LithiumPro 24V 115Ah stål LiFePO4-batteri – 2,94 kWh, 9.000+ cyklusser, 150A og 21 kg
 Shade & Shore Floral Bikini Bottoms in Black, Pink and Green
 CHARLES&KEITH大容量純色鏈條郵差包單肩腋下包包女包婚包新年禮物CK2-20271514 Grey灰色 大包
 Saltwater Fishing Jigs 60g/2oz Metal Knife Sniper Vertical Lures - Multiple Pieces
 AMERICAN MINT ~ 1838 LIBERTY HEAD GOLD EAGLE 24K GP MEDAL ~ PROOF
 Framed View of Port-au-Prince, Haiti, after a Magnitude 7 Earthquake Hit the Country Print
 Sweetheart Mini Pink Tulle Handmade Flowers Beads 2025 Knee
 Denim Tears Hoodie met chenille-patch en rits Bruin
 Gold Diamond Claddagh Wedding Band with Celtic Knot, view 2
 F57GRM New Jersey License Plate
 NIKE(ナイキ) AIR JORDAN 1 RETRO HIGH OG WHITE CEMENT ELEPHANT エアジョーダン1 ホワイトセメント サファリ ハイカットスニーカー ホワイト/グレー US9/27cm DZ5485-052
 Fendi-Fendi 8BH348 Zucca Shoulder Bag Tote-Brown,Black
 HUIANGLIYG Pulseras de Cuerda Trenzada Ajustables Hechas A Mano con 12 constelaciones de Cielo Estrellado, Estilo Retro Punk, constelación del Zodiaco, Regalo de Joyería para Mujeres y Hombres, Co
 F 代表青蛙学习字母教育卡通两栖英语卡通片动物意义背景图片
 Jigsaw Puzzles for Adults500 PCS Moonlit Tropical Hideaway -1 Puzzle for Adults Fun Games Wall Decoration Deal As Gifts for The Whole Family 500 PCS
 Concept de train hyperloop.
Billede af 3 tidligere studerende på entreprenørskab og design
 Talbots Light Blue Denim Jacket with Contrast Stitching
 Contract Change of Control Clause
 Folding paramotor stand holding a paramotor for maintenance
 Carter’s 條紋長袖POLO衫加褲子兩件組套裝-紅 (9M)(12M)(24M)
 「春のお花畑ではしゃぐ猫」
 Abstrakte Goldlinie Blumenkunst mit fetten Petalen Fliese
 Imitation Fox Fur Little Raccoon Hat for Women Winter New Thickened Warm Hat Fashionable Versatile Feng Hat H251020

Your task: All lines above from the one holding "Gold Diamond Claddagh" to the one holding "Fendi-Fendi 8BH348 Zucca", inclusive, are to be copied exactly; no other line is wanted.

Answer for this exercise:
 Gold Diamond Claddagh Wedding Band with Celtic Knot, view 2
 F57GRM New Jersey License Plate
 NIKE(ナイキ) AIR JORDAN 1 RETRO HIGH OG WHITE CEMENT ELEPHANT エアジョーダン1 ホワイトセメント サファリ ハイカットスニーカー ホワイト/グレー US9/27cm DZ5485-052
 Fendi-Fendi 8BH348 Zucca Shoulder Bag Tote-Brown,Black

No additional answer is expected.